Experiment Scripts¶
DAM ships the thesis evaluation runners (RQ1–RQ5) as native experiments that
write results to a configurable output directory and require only the standard
DAM Python environment plus matplotlib for plots.
All five are exposed through one registry (dam.experiments) and can be run
from three entry points:
- Console — the Experiments page (
run/artifactstabs); PNG previews and result statistics are shown inline. - CLI —
dam experiment listanddam experiment run <id> [flags]. - HTTP —
GET /api/experiments,POST /api/experiments/{id}/run.

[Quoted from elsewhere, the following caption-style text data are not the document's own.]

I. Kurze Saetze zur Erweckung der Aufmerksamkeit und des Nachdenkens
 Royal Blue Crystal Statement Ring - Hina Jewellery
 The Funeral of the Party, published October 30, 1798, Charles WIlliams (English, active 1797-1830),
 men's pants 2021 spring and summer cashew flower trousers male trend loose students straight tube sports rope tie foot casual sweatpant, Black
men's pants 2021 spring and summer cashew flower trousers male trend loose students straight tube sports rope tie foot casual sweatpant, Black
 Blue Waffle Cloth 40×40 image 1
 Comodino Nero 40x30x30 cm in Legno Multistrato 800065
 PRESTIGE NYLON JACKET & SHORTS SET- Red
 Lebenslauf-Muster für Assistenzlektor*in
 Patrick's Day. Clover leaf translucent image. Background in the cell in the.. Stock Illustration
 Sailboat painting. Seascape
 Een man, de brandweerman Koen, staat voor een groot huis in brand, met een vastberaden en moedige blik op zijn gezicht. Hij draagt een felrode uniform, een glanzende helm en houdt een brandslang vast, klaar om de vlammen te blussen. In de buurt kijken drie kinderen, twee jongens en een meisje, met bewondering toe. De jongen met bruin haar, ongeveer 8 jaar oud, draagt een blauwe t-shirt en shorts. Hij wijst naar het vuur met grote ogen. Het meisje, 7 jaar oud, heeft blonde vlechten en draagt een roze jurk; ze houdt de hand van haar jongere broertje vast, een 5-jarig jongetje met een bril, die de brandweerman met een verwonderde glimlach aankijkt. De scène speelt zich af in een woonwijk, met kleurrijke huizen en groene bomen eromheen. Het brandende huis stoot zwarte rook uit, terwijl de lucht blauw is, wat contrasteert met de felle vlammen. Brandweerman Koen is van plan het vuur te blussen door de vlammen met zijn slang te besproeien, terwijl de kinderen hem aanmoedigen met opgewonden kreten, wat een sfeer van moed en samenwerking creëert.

| RQ | Id | What it measures | Data source |
|---|---|---|---|
| RQ1 | l0-calibration |
L0 Real-NVP per-frame NLL separation | HF datasets: normal / legal variation / abnormal-A |
| RQ2 | boundary-scan |
L1/L2 interception curves | Real guard.check() runs |
| RQ3 | usability |
False-trigger & success rate on benign legal-variation frames | Real L0–L2 guard runs |
| RQ4 | latency-bench |
Guard runtime latency under 10/20/50 Hz budgets | Isolated Guard profiling |
| RQ5 | failure-record-quality |
Completeness/classification/diversity of harvested failure records | Real violating-scenario runs |
RQ3 and RQ5 drive the live guard stack and shared production classifier. RQ1 is
an offline L0 evaluation harness: it uses DAM's OODContext feature path and
public OOD backends to train Real-NVP on normal observations, then compares
per-frame NLL across the normal test set, legal-variation test set, and
abnormal-A test set. An optional RQ1 flag also scores the same features with
Welford z-score and MemoryBank nearest-neighbor distance.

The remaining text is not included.